Actually there can be problems with that approach for reasons of tolerance stacking in the gun, the brass, the primers, and even lot-to-lot burn rate differences in the powder, and most of all, with the person you are getting the information from, who may not have worked up the load safely.
And don't forget to allow for people's memories playing tricks on them, transposing numbers, forgetting to add the word "magnum", or making other basic errors in communicating the load data to you. I was at the range one day when a fellow handed me a fired .308 case that had the shoulder and neck blown out and asked me if that was normal. He was sighting in a borrowed hunting rifle whose owner had told him it was a .308. So he bought .308 ammo for it. The barrel was stamped ".30-06".
Only God is perfect. People make dumb mistakes. So take any load data you've been given or read in a forum like this and then go to Hodgdon or some other on-line load data and make sure it is inside a normal range. If there is one rule to reloading that is universally applicable, it is never to assume anything without checking.
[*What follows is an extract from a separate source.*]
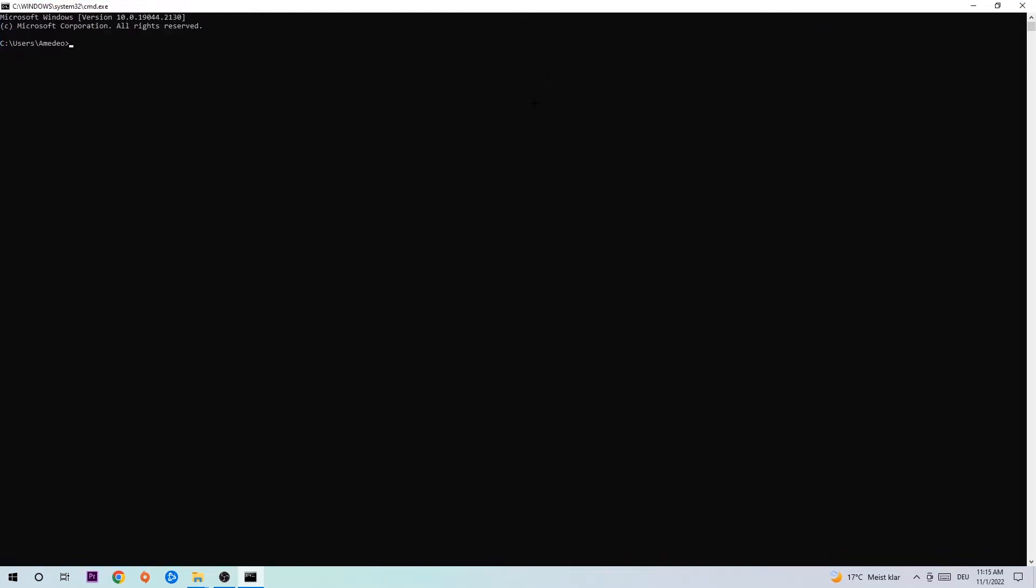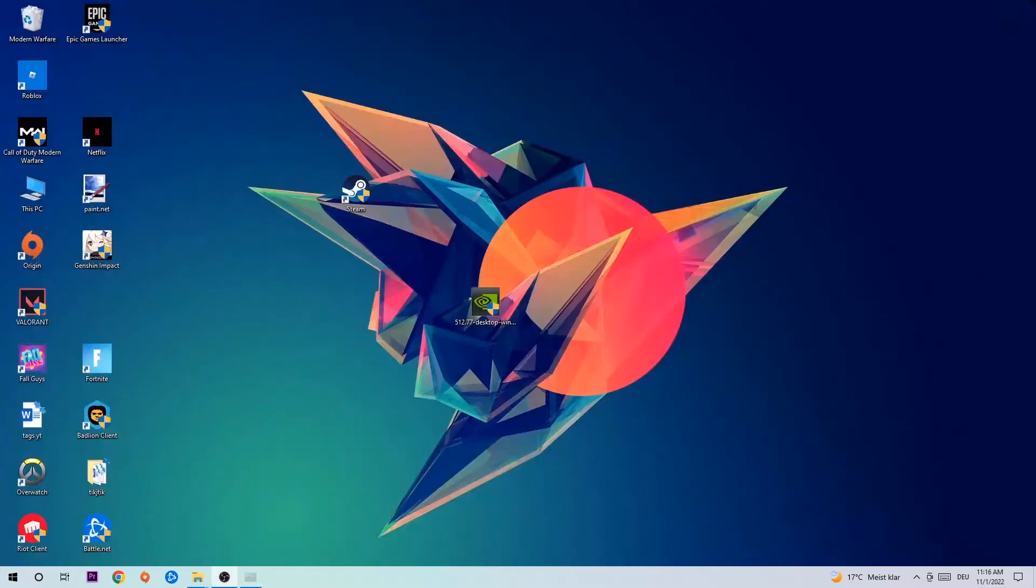This tab will pop up, and I want you to type in what I'm going to type: ipconfig space slash flush DNS. Hit enter. Once it is successfully flushed, as you can see, you should be able to end this task.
You likely know the old line about how you spell 'assume'.
The rule of thumb with trying loads is to work up test loads from a 10% reduction in steps no greater than 2% of the maximum or target load, while watching for pressure signs
. This is just a measly 6 shots incrementing up from the lowest load one step at a time, so it hardly represents a great expense in either time or components. It helps keep you safe. The caveat with time expense it that most folks hate making a trip to the range for just those 6 shots and don't want to assemble a bunch of ammo until they know the load is agreeable to their gun, so take those rounds with you (maybe a couple of each, in case you aren't good at seating primers yet) on the day you shoot up your remaining commercial ammo.
The only exceptions to all the above that I would make are with some low pressure target loads. Especially those that have been used by hundreds of thousands of people over several generations. A 148 grain lead wadcutter of any type over 2.7 grains of Bullseye in a .38 Special comes to mind as an example. Reduced loads with Trail Boss powder are another. In both instances pressures are well below maximum operating pressures for all modern cartridges and even for some not-so-modern cartridges.